### [What the task requires]
In the records below, find the line containing "Moussaka Spice Blend 90g". Restate it and all the lines after it exactly, and omit the rest.
++++ Excerpted data ++++
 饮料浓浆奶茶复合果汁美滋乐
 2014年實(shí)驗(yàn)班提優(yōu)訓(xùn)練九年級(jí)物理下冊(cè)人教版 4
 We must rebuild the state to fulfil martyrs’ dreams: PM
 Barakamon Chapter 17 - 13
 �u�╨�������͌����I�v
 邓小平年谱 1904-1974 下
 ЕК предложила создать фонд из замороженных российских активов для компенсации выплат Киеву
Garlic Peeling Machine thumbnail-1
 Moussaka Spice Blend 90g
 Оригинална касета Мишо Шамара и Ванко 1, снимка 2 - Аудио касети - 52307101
++++
### [Answer below]
 Moussaka Spice Blend 90g
 Оригинална касета Мишо Шамара и Ванко 1, снимка 2 - Аудио касети - 52307101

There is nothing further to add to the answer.